Recursion
It's time for something both dangerous and powerful that you can do with functions. It's called recursion.
Calls Itself
function myself() {
myself();
}
Recursion happens whenever a function calls itself.
You can clearly see where that could be dangerous. With this function, the program would just use up all of the available memory and run forever or until an error occurred.
Base Case
function countUp(num, max) {
if (num > max) return;
console.log(num);
countUp(num+1, max);
}
Every recursive function needs a base case.
A base case is a statement that exits the function when a condition is met...Can you identify the base case in the code above?
That's right. It's the statement with the return.
When our program runs, each one of the function coopies will create a set of internal variables called the stack.
Without a base case, javascript will continue to ask for new variables until it either runs out of memory or the browser runs into an internal limit.
That particular error is known as the Stack Overflow...which is also the name of a great site where you can ask other programmers questions.

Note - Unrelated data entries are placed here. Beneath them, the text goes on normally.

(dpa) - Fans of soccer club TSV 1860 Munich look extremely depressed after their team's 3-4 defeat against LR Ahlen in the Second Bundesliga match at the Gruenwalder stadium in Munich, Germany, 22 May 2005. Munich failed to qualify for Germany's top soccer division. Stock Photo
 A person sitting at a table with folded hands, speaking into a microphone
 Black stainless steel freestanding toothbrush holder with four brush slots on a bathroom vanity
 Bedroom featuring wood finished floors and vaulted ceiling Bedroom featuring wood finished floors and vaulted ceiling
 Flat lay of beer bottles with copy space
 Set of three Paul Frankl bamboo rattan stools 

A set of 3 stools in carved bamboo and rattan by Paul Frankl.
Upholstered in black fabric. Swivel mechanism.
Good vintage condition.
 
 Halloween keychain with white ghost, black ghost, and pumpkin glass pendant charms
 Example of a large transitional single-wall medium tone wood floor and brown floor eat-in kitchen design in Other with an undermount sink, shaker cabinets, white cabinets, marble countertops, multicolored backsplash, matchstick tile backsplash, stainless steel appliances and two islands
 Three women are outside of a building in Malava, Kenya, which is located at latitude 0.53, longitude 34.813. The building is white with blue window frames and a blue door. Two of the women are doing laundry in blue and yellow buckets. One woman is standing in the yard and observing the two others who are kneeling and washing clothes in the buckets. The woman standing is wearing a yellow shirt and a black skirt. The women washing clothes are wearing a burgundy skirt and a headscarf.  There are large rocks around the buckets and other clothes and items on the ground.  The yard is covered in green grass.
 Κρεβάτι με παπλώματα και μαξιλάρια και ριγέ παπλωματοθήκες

You might be wondering if it wouldn't be easier to run a loop and in this case, you'd be right. Let's take a look at a more complex example.
Fibbonacci
let fibby = function (count) {
if (count===1) return [0, 1]
let arr = fibby(count-1)
let sum = arr[arr.length -1] + arr[arr.length - 2]
arr.push(sum)
return arr
}
fibby(8);
This is a classic interview question. How to build a fibbonacci sequence and recursion is the perfect solution.
You know if you did ask yourself, why not do the previous problem with a loop, you were on the right track. Recursion acts like a backwards loop that uses the power of closures in an interesting way.
Before we get started going through what's happening here...can you identify the base case here?
Right you are. The return statement gives it away.
A Fibbonacci sequence is a set of numbers where the next number is equal to the previous two numbers. It's a pattern that is common in nature and mathematics.
Let's walk through a version of this code next.
I added a couple more console log statements so we can see what's happening. I'll start from the bottom.
We call the function and it starts going through the sequence.
The base case checks to make sure that this isn't the last number. Recursion is basically like a backwards loop that exits on a return statement.
The reason it's so cool is that every function can remember what came before it and do something with the set of data gathered before.
For a fibbonacci sequence, I have to take the last two numbers and add them together.
The first thing that happens is that we create a new fibby function with a decreased count. We'll keep doing that until the count reaches one and then our base case will kick us out of our program.
The second time we create the function it will have a count of seven...and so on and so forth.
You can see in our log, that basically we quickly create 8 copies of this function...each with a different index.
So Fibby 8 is going to create Fibby 7, then it's going to do some calculations that adds the previous two numbers in our array and creates an array with the new number, then return that as a new array.
The next time we run Fibby, it does the same thing. In essence every new copy gets a version of the array with the two numbers added up.
It's a bit tough to get your head wrapped around this. If you want to see another way more complicated example of how recursion work, take a look at this video in one of my courses. It creates a visual version of a popular recursion problem called the eight queens problem.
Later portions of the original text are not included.